Aritz Pérez

Sensitivity Analysis of k-Fold Cross Validation in Prediction Error Estimation

In the machine learning field, the performance of a classifier is usually measured in terms of prediction error. In most real-world problems, the error cannot be exactly calculated and it must be estimated. Therefore, it is important to choose an appropriate estimator of the error. This paper analyzes the statistical properties, bias and variance, of the k-fold cross-validation classification error estimator (k-cv). Our main contribution is a novel theoretical decomposition of the variance of the k-cv considering its sources of variance: sensitivity to changes in the training set and sensitivity to changes in the folds. The paper also compares the bias and variance of the estimator for different values of k. The experimental study has been performed in artificial domains because they allow the exact computation of the implied quantities and we can rigorously specify the conditions of experimentation. The experimentation has been performed for two classifiers (naive Bayes and nearest neighbor), different numbers of folds, sample sizes, and training sets coming from assorted probability distributions. We conclude by including some practical recommendation on the use of k-fold cross validation.

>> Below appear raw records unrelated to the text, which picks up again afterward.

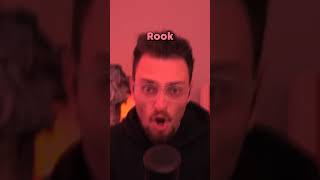 THE ROOOOOOOOOOOOK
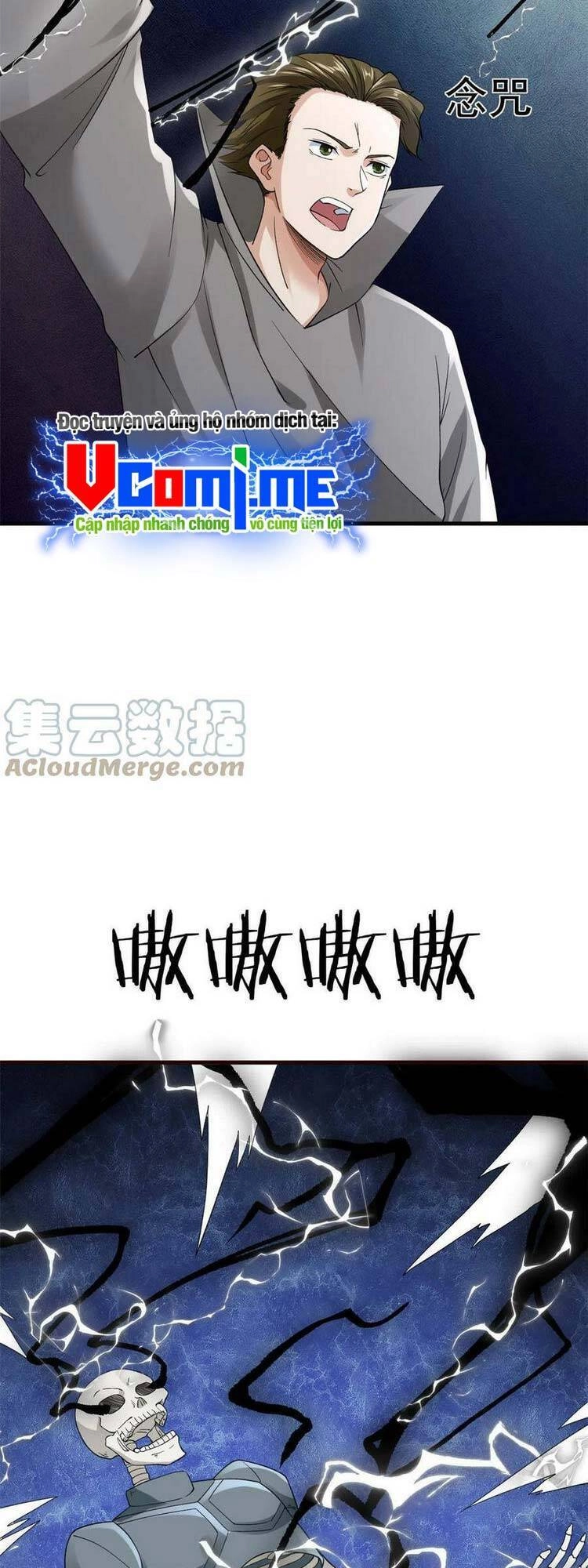 Ta Có 999 Loại Dị Năng Chapter 113 - 20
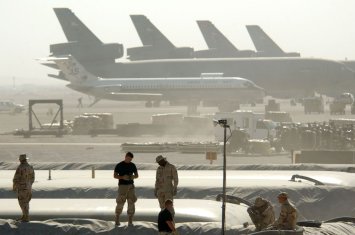 Qətər MN İranın ABŞ-ın Yaxın Şərqdəki Mərkəzi Komandanlığının qərargahını raketlə vurduğunu təsdiqlədi...-İsrail KİV 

Bayesian classifiers based on kernel density estimation: Flexible classifiers

When learning Bayesian network based classifiers continuous variables are usually handled by discretization, or assumed that they follow a Gaussian distribution. This work introduces the kernel based Bayesian network paradigm for supervised classification. This paradigm is a Bayesian network which estimates the true density of the continuous variables using kernels. Besides, tree-augmented naive Bayes, k-dependence Bayesian classifier and complete graph classifier are adapted to the novel kernel based Bayesian network paradigm. Moreover, the strong consistency properties of the presented classifiers are proved and an estimator of the mutual information based on kernels is presented. The classifiers presented in this work can be seen as the natural extension of the flexible naive Bayes classifier proposed by John and Langley [G.H. John, P. Langley, Estimating continuous distributions in Bayesian classifiers, in: Proceedings of the 11th Conference on Uncertainty in Artificial Intelligence, 1995, pp. 338-345], breaking with its strong independence assumption. Flexible tree-augmented naive Bayes seems to have superior behavior for supervised classification among the flexible classifiers. Besides, flexible classifiers presented have obtained competitive errors compared with the state-of-the-art classifiers.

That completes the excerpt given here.